--- Listed records ---
* * * * *

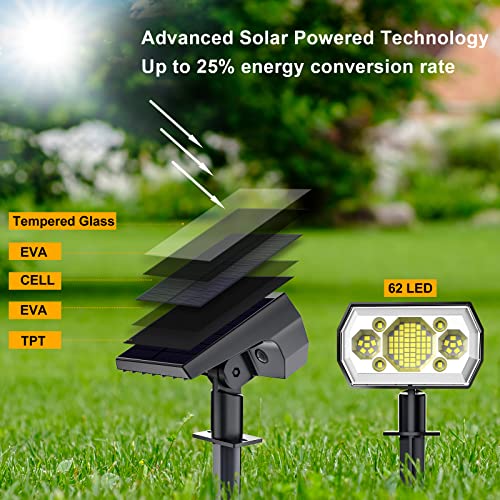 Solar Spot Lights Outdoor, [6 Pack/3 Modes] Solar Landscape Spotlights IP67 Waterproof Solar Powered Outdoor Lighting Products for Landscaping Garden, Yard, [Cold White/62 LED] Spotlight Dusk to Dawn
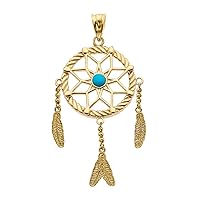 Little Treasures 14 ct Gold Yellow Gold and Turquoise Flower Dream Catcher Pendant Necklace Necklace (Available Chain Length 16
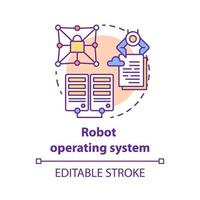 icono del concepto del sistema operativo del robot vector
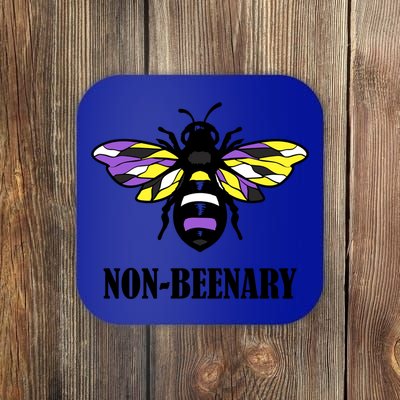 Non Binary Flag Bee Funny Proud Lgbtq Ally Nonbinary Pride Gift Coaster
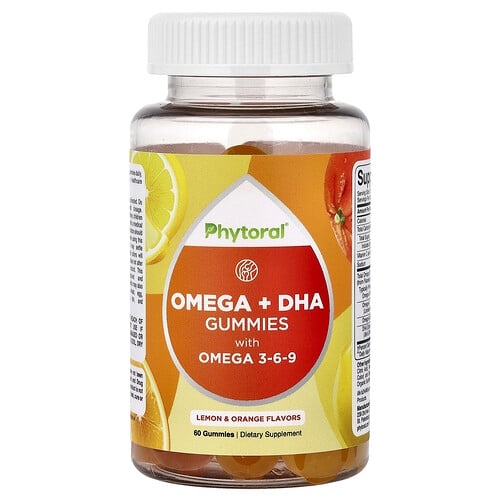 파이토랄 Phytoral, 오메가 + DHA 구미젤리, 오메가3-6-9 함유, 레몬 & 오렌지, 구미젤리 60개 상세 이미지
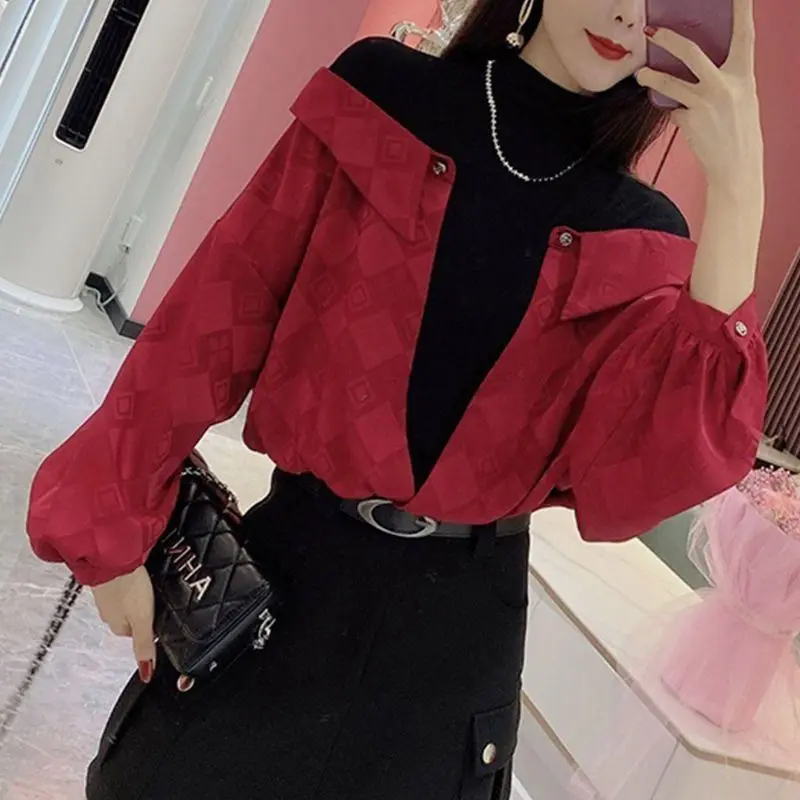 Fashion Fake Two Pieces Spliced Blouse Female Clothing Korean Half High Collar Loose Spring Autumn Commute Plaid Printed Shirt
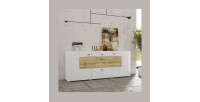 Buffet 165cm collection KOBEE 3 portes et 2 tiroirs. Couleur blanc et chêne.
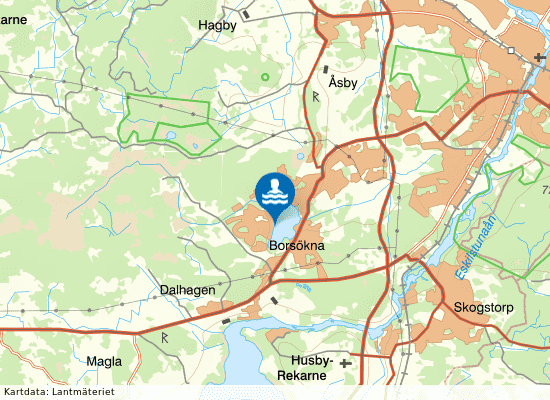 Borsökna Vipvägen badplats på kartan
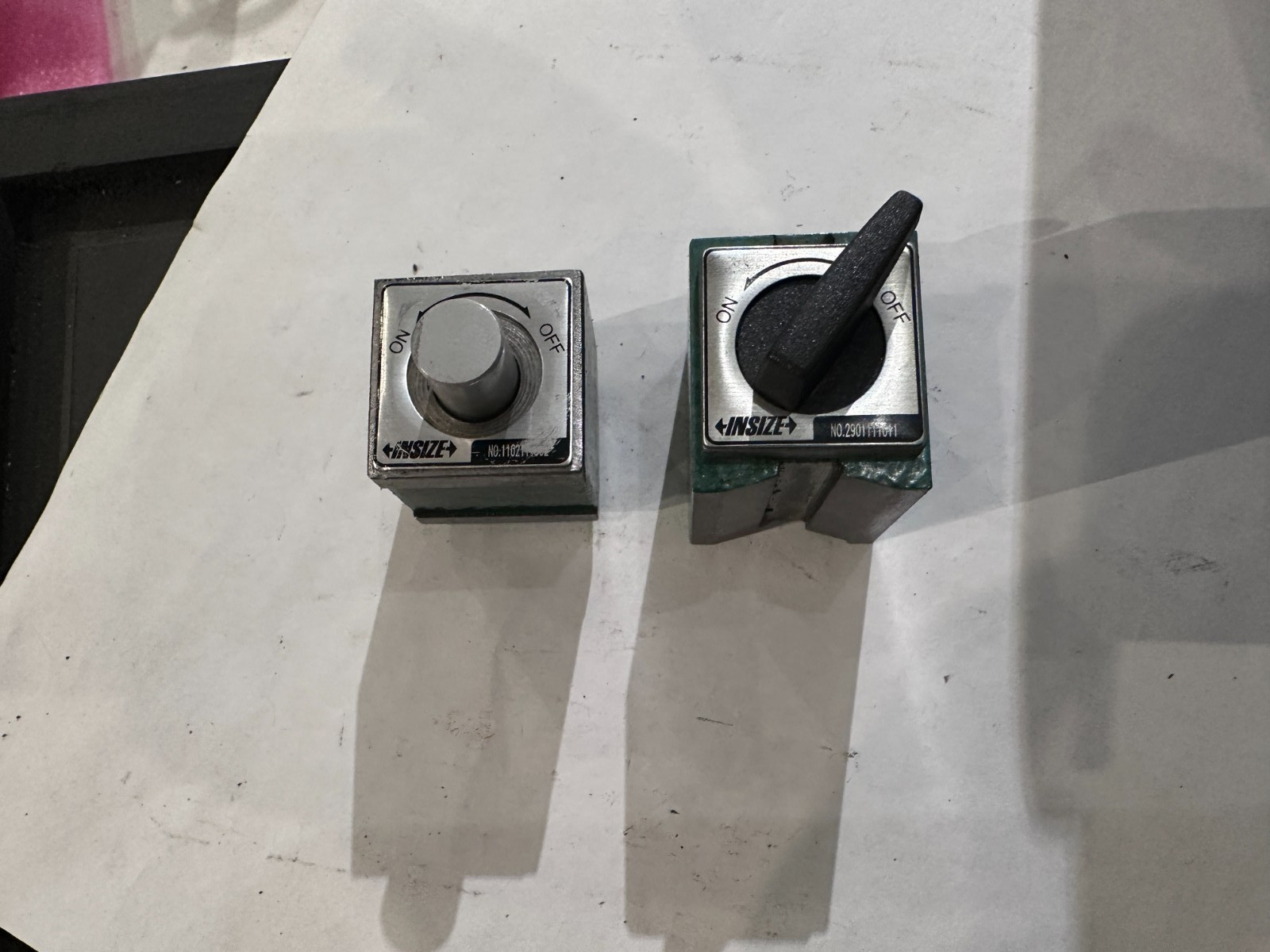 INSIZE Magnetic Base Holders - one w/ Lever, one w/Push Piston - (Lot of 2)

* * * * *

--- Assignment ---
Your task is to quote exactly the lines from the one with "Fashion Fake Two" through the end of the material, both included, without reproducing any pictures.

--- Reply ---
 Fashion Fake Two Pieces Spliced Blouse Female Clothing Korean Half High Collar Loose Spring Autumn Commute Plaid Printed Shirt
 Buffet 165cm collection KOBEE 3 portes et 2 tiroirs. Couleur blanc et chêne.
 Borsökna Vipvägen badplats på kartan
 INSIZE Magnetic Base Holders - one w/ Lever, one w/Push Piston - (Lot of 2)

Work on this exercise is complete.